European Union antitrust regulators are examining whether banks manipulated the daily London interbank offered rate, according to two people familiar with the probe.
The European Commission sent banks requests for information last month on how rates are calculated, according to the people who declined to be identified because the discussions are private.
The EU probe into Libor adds to U.K. and U.S. financial regulators’ inquiries into the possible breach of rules governing the benchmark borrowing rate. Barclays Plc, the U.K.’s third-largest bank by assets, said last week that it was cooperating with U.S. and British regulators on their Libor investigations.
EU regulators last week opened an antitrust investigation into Goldman Sachs Group Inc., JPMorgan Chase & Co. and 14 other investment banks over agreements in the market for credit- default swaps that may harm competition.
Amelia Torres, a spokeswoman for the Brussels-based commission, declined to comment on the Libor probe.
UBS AG, Switzerland’s biggest bank, said in March it received demands for information from U.S. and Japanese authorities investigating possible attempts to manipulate the setting of Libor.

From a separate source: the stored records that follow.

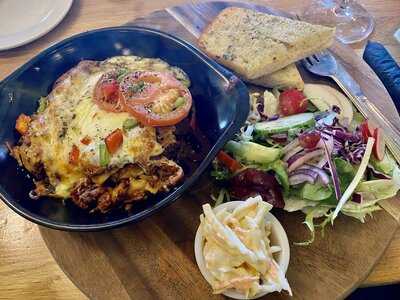 The Floating Bridge Inn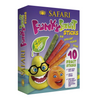 SAFARI FRUIT STICKS 10X25G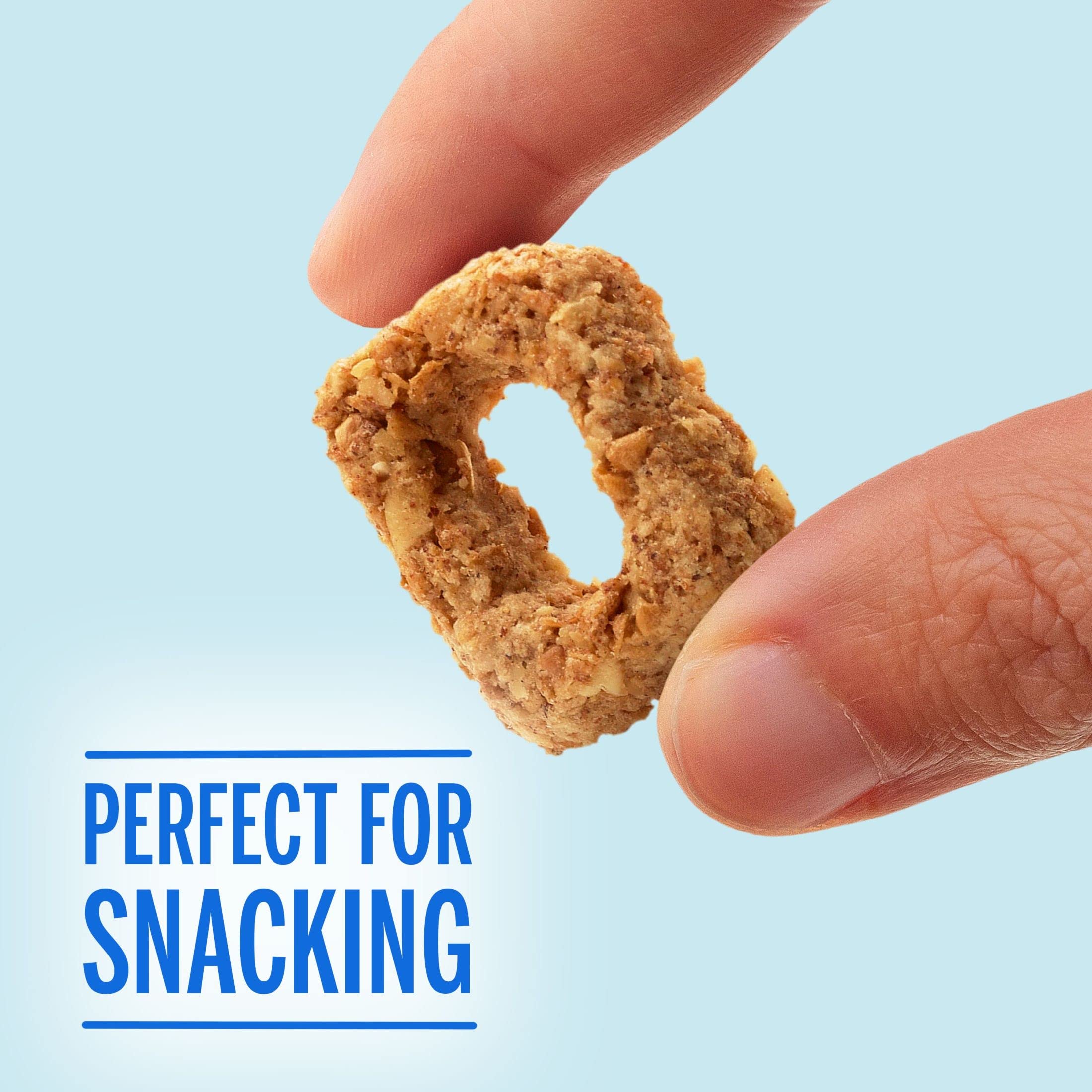 Kellogg's Cracklin' Oat Bran Breakfast Cereal, Family Breakfast, Fiber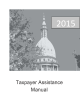 2015 Taxpayer Assistance Manual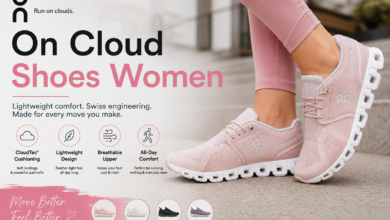 On Cloud Shoes Women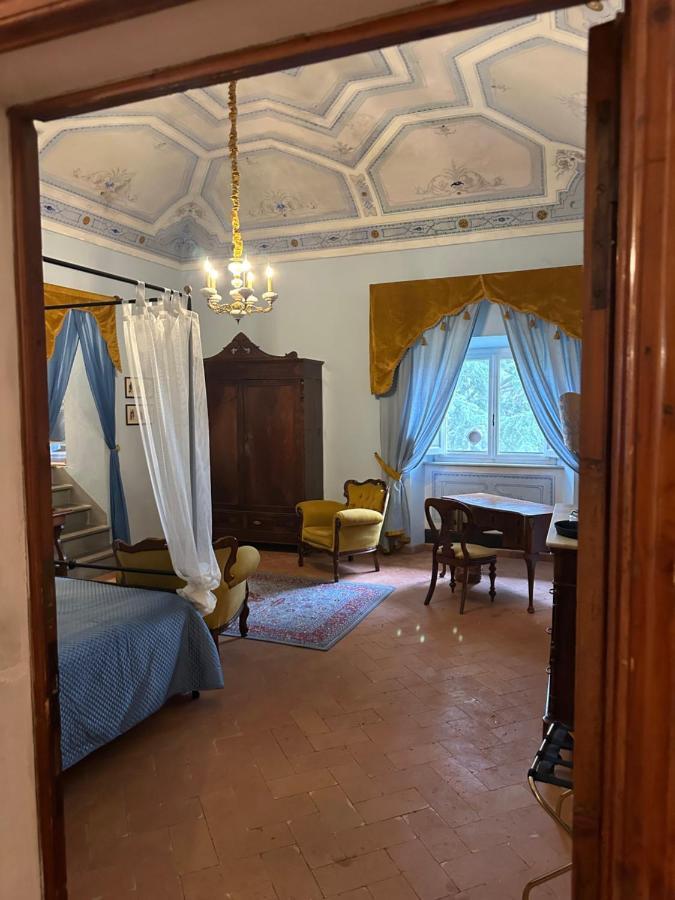 سان جوليانو تيرمي Villa Di Corliano Relais All'Ussero المظهر الخارجي الصورة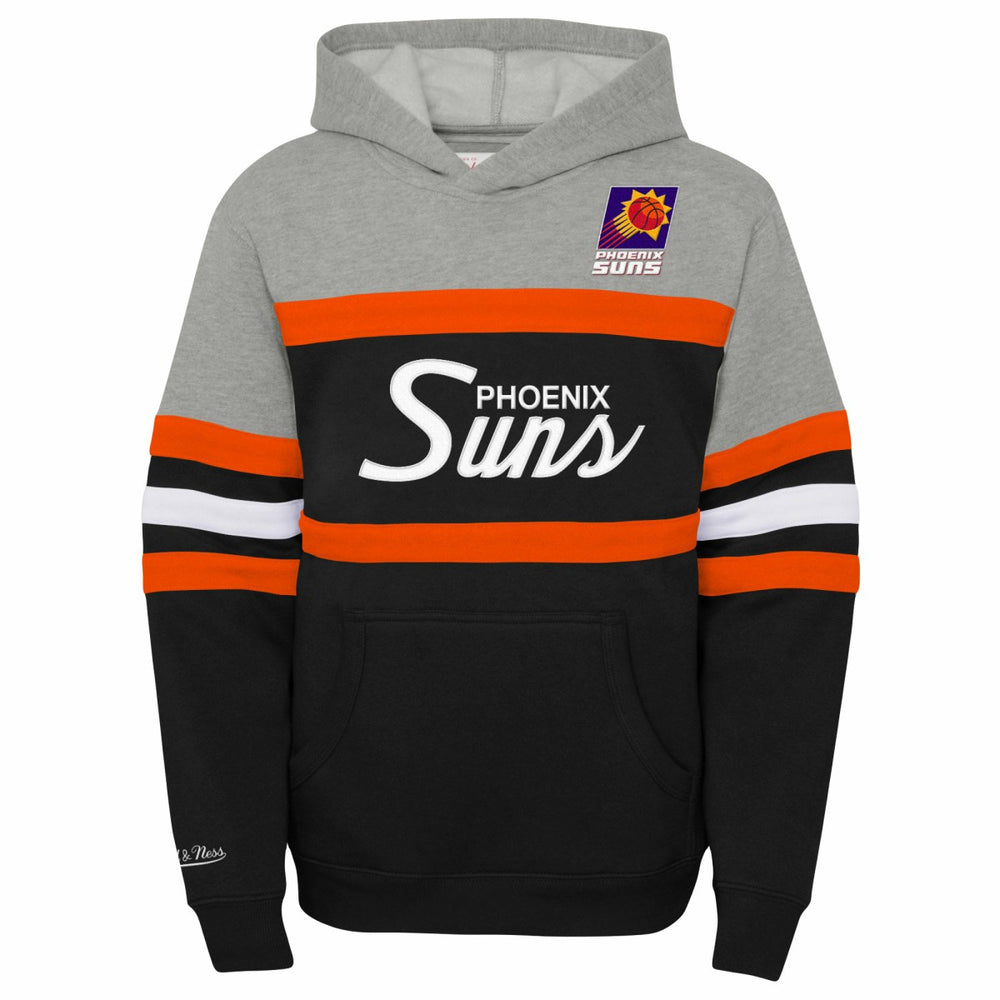 Mitchell & Ness Phoenix Suns Youth Hardwood Classics Head Coach Pullover Hoodie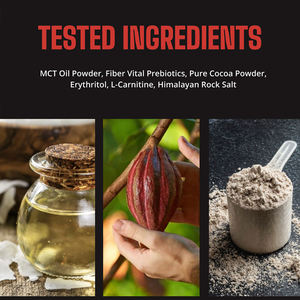 Premium Arabica <b>Instant</b> <b>Coffee</b> Bullet X Boost with MCT Oil Fibre Creamer Slimming <b>Coffee</b> Energy Metabolism Support Bitter Taste - Product Image 5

Libor rates, a benchmark for more than $350 trillion of financial products worldwide, are set daily by the British Bankers’ Association based on data from banks reflecting how much it would cost them to borrow for various periods of time and in different currencies.
JPMorgan, Deutsche Bank AG, Royal Bank of Scotland Group Plc, Commerzbank AG, Lloyds Banking Group Plc, Credit Suisse Group AG, UBS, Credit Agricole SA and WestLB AG declined to comment.
Rabobank Groep spokesman Kees Nanninga said the Utrecht, Netherlands-based bank does “not comment on specific regulatory matters.”
Three calls and an e-mail to Barclays’ press office and two calls to HSBC Holdings Plc’s press office were unanswered on a U.K. holiday. The BBA in London didn’t respond to three calls seeking comment.
Societe Generale SA and BNP Paribas SA said they couldn’t immediately comment.
Lawrence Grayson, a spokesman for Charlotte, North Carolina-based Bank of America Corp., declined to comment.